Sebuah pergerakan datang ke arah ranjang. Seseorang masuk bergabung dalam selimut. Tubuhnya menempel War, tangannya menjangkau pinggang War yang nyatanya tidak sampai. Wangi khas menyeruak ke hidung War. Gumaman kecil memanggil nama War.

War tidak membalas panggilan atau pun pelukan itu. Dia ingin, tapi ragu. Sekali lagi, suara kecil itu memanggil nama War.

"Phi War." Vee ingin War merespon semua kata atau tindakan Vee. Tapi yang didapatkan tidak tak ada apapun.

Vee tahu, sangat tahu apa yang terjadi. Dia tidak marah kepada War ataupun Yin, sungguh. Vee menyalahi diri sendiri, pertengkaran itu karena dia, pikirnya.

"Phi War. Vee ingin Phi War bangun melihat Vee. Apa Phi War marah dengan Vee?" Suara Vee terdengar lemah.

War membuka matanya. Dilihat Vee yang masih betah menempal pada tubuhnya. Vee telah rapi mengenakan setelan jas hitam. War tersenyum miris. Apa mereka akan menikmati waktu spesial juga? Kenapa harus dengan setelan rapi seperti ini?

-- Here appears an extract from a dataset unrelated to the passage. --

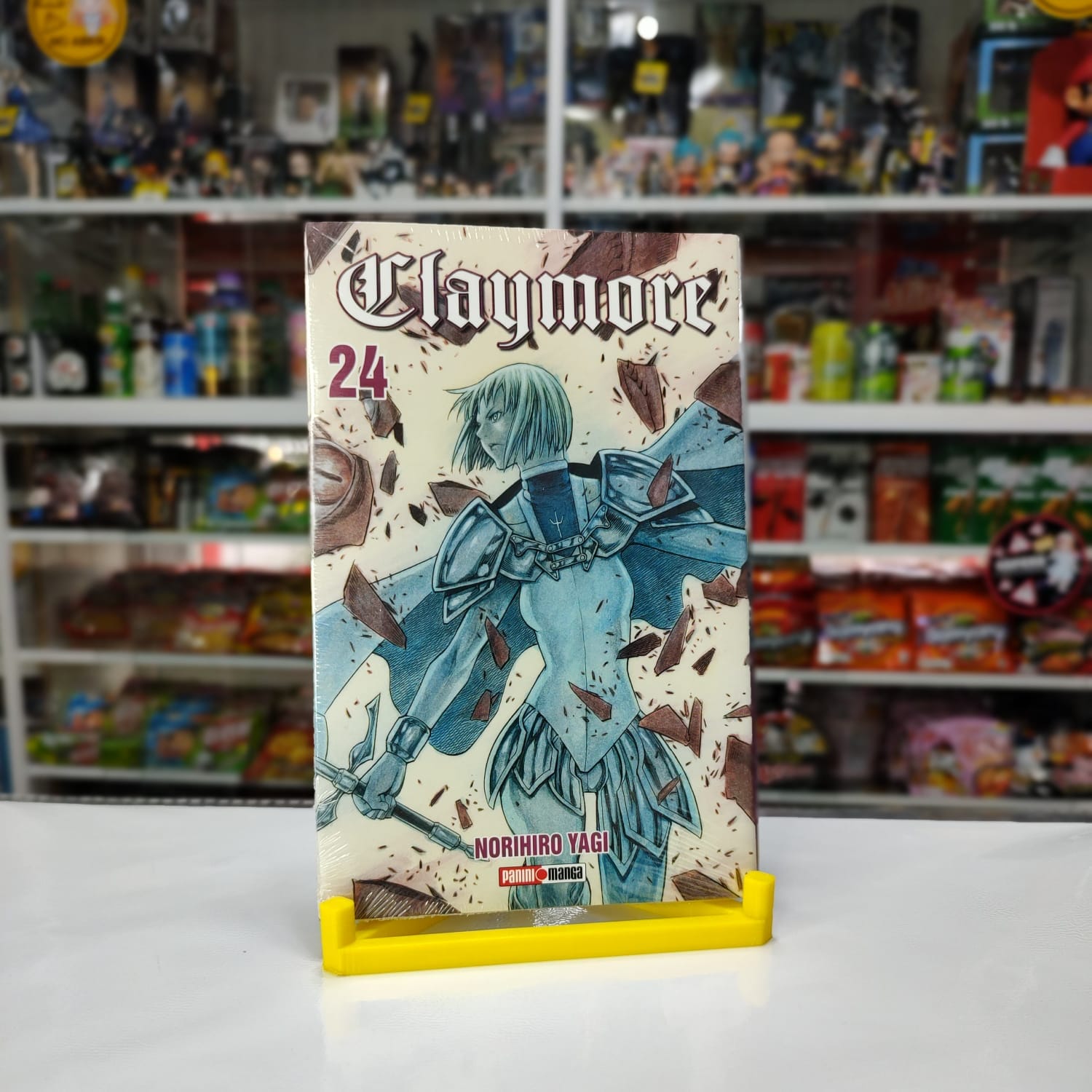 CLAYMORE 24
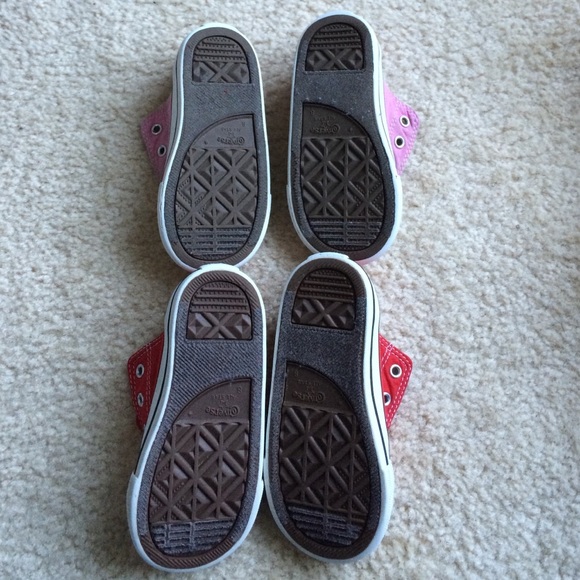 ⤵️ SALE ⤵️ 2 pair Preschool Converse - Picture 4 of 4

Pikiran War kembali sadar, ketika Vee mengatakan kalimat lainnya. "Phi War ikut, ya?"

Bagaimana mungkin War masuk dalam lingkaran pertemuan spesial mereka? Bahkan Yin saja enggan mengajaknya di awal.

"Daddy sudah setuju. Jadi ayo bersiap-siap."

Wong tetaplah Wong, tidak bisa ditolak, tidak bisa dibantah. Vee menarik lengan War dengan kekuatan penuh khas anak kecil. Setelah berhasil turun dari tempat tidur, Vee membawa War menuju kamar mandi, mendorong tubuh malas War. Sesudahnya mereka berada di wardrobe, memilih setelan pakaian yang hendak digunakan War. Sama seperti Vee, Vee memilihkan War setelan jas hitam.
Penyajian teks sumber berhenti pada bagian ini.